Now that www.aquifer-ocean.com has been on the web for a while, here is the rest of the story:
The intent is to create a water bottling company that uses desalinated sea water in the bottling process. - Bottled water sells well all over the world but we are running out of sources. Springs, wells and other pristine sources of fresh water are either taken or are straining under the stress of withdrawal and the environmental concerns are eager to protect and save what few pristine sources of water we still have.
Preliminary number crunching:
A 50,000 ton tanker for example, properly modified, either fixed in place or sailing, can generate 13 million gallons of water. If this ship averages 3 loads a month 11 months a year it makes 435 million gallons of water per year. 1 cu meter = 1 ton of water = 1 metric ton = 35.314 cu ft. 1 cu ft = 7.48 gallon
Test:
1 cu meter = 35.314 cu ft = 264 gallon.
50,000 cu meter x 35.314 = 1,765,700 cu ft capacity per load.
1,765,700 x 33 = 58,268,100 cu ft x 7.48 = 435,000,000 gallon.
A working tanker like that costs about $ 25,000.00 per day to own and operate.
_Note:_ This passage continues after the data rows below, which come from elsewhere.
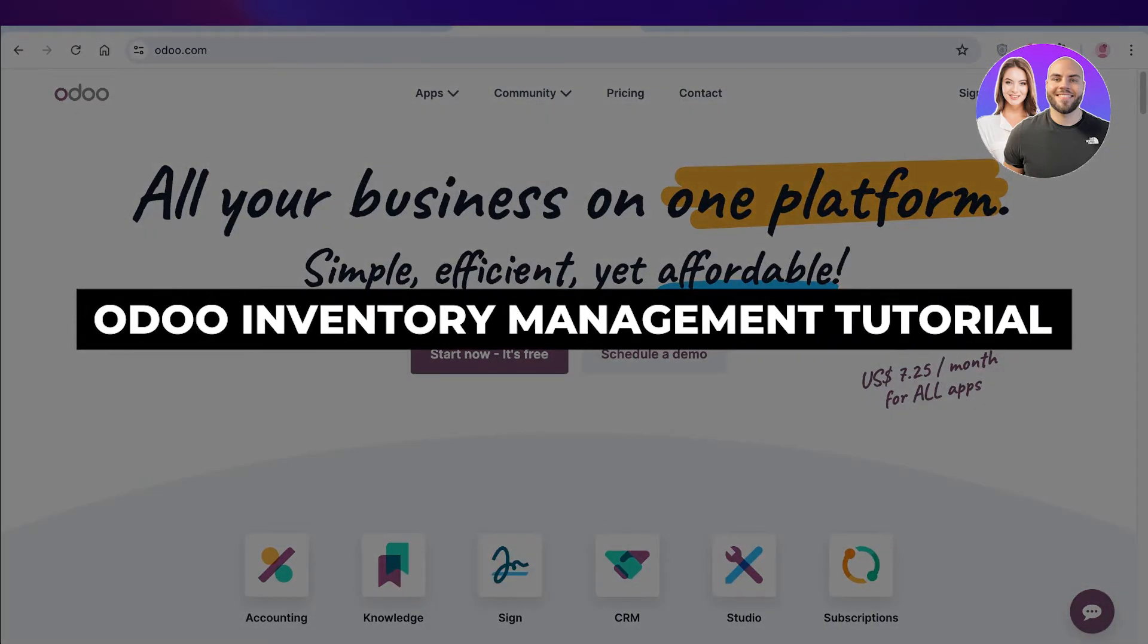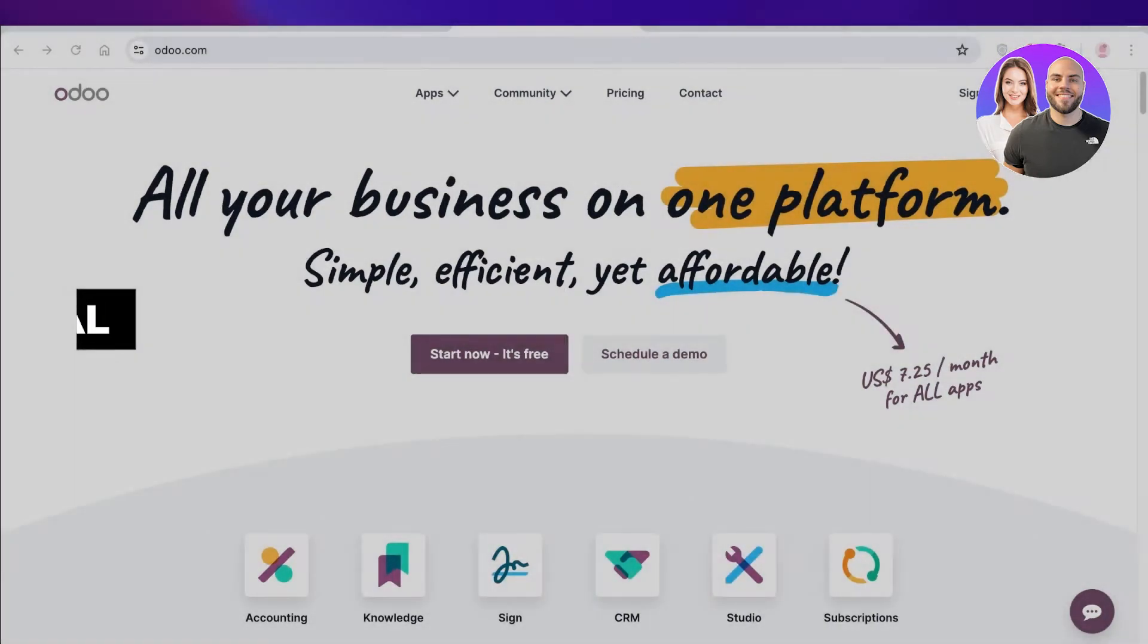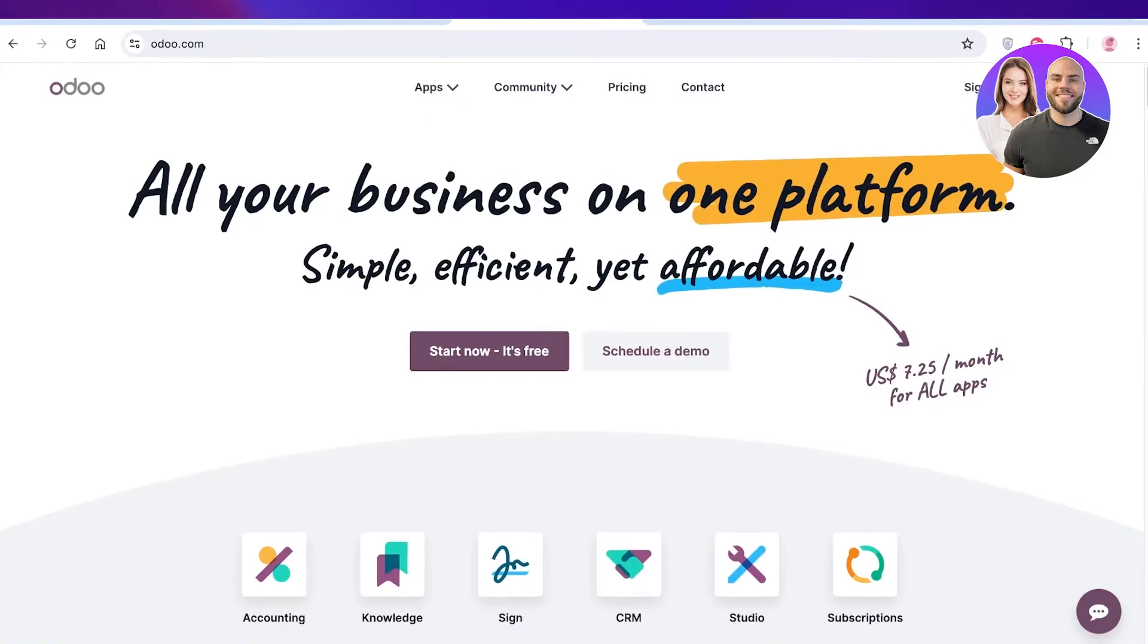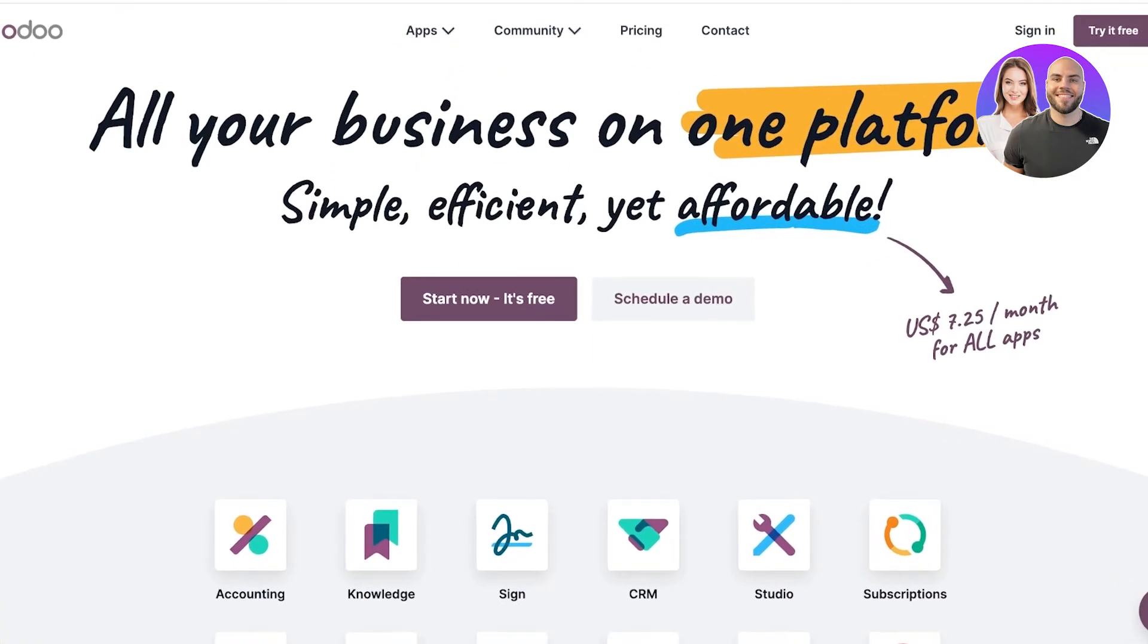Odoo inventory management tutorial step by step. Hello everyone, welcome back. In this video I'll show you how you can get started with inventory management using Odoo, so let's jump right in.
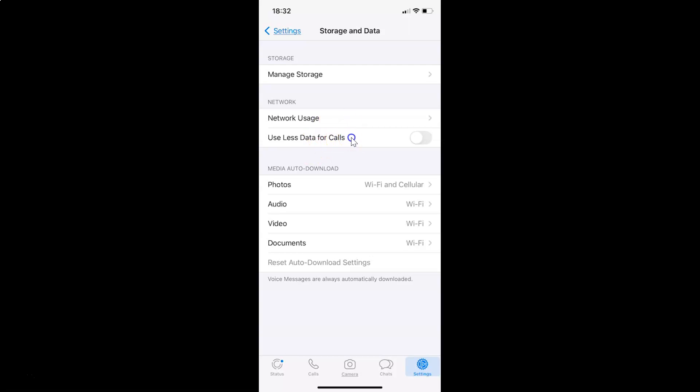In order to reduce data usage during WhatsApp voice and video calls on iPhone, you have to enable this toggle next to 'use less data for calls.' Just tap on this toggle next to this option and move this slider to the right.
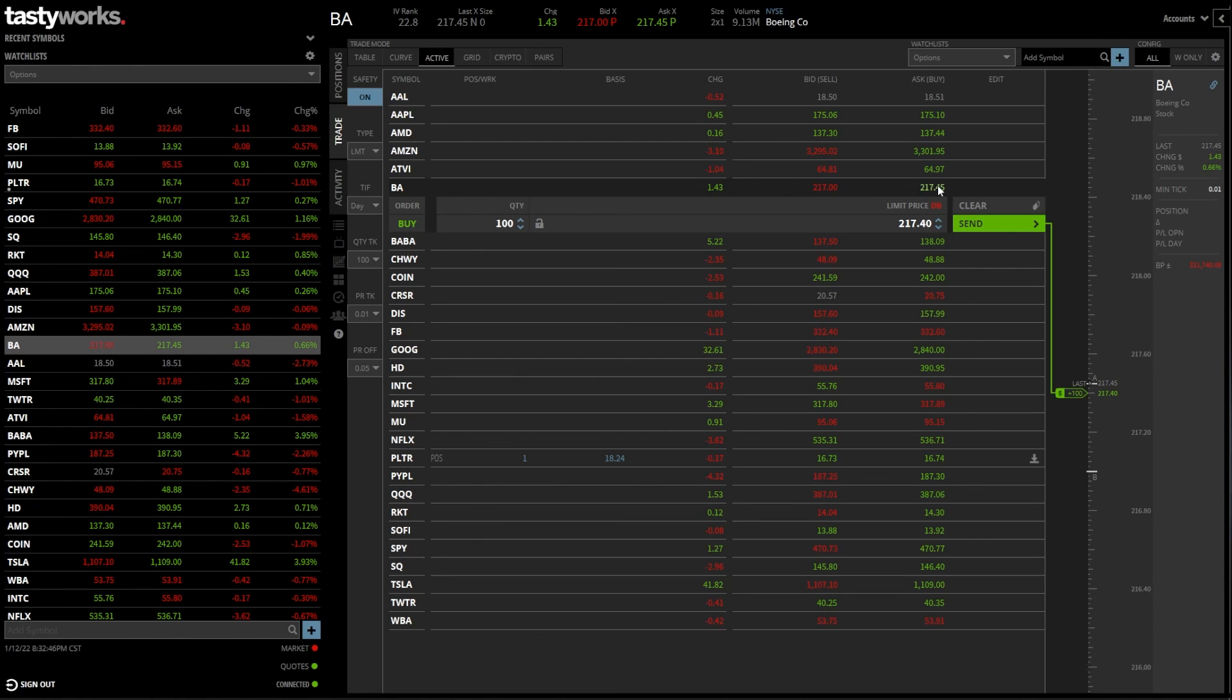Now, honestly, that is everything you guys are going to need to know right now to buy and sell stock for yourself on the Tastyworks platform.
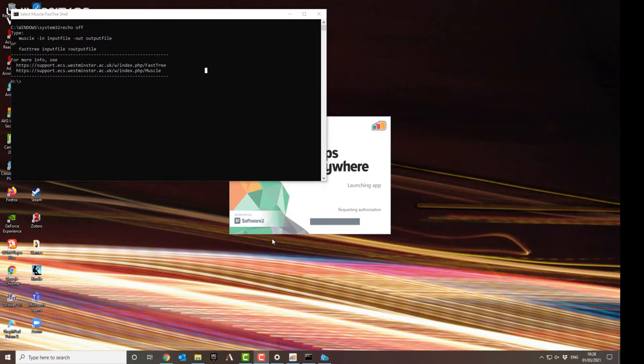FastTree and Muscle are command line programs, which means you have to type a command which will then be carried out. So the window that's been opened is an example of a DOS shell. This is how computers used to work before Windows, and it's a real throwback to those times.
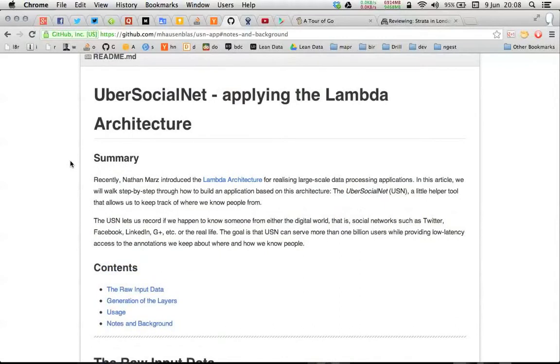That was it. Head over to github.com/mhausenblas/usn-app to find out more about it.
That’s $ 9.125 million, say $10 million per year.
Bottled drinking water, anywhere in the USA, costs at least $ 1.00 per gallon.
$10,000,000.00/ 435,000,000 gal = $0.023 per gallon cost of water. Triple this for bottles, bottling and distribution = $0.07 cost of production.
10,000,000 + 435,000,000 x 0.07 = 10,000,000 + 30,450,000 = $40,450,000.00
435,000,000 gal x $1.00 = $435,000,000.00
$435,000,000.00 - $40,450,000.00 = $394,550,000.00 per ship per year.
In other words, one ship can generate a cash flow of about $394 million and if these numbers are 50% off that is still $197 million.
Heinz G. Stripp,
Founder, Aquifer Ocean LLC.
PS: You can check these numbers yourself. These numbers crunch.